Let $\{ \xi_n\:|\: n \in \mathbb{N} \} $ be a sequence of normally distributed random variables. Prove, that if $\xi_n \stackrel{d}{\to} \xi$ than $\xi$ is either normally distributed or a constant.
I tried to use that $\varphi_{\xi_n}(t) \to \varphi_{\xi} (t)\:\:\ \forall t \in \mathbb{R}$ where $\varphi_\eta$ defines the characteristic function of $\eta$. However, I did not proceed any further. I will be greatful if you help me.

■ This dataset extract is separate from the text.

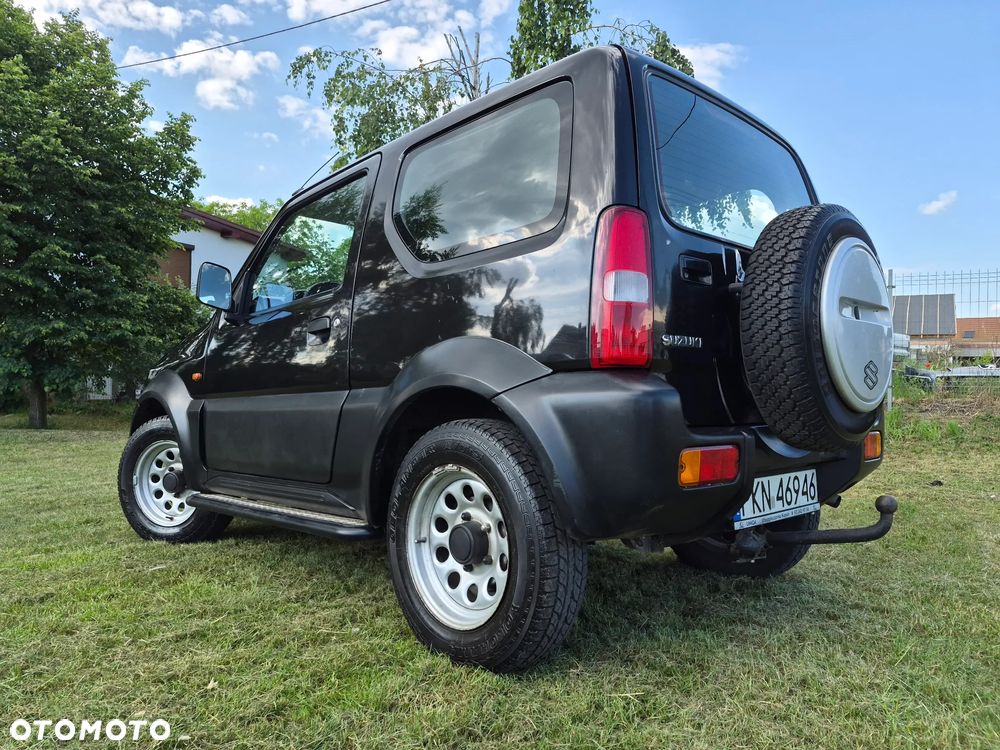 Suzuki Jimny - 9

$$\varphi_{\xi_n}(t) = e^{it\mu_n-\sigma_n^2t^2/2}.$$ If $\varphi_{\xi_n} \to \varphi_\xi$ then $e^{-\sigma^2_n t^2/2} = |\varphi_{\xi_n}(t)| \to |\varphi_\xi(t)|$ for each $t$. So, $\sigma_n^2 \to \sigma^2$ for some $\sigma^2$. Consequently, $\mu_n \to \mu$ for some $\mu$. Then, $\varphi_\xi(t)=e^{it\mu-\sigma^2 t^2/2}$, which is the characteristic function of $N(\mu,\sigma^2)$ if $\sigma^2>0$, or is the characteristic function of the constant $\mu$ if $\sigma^2=0$.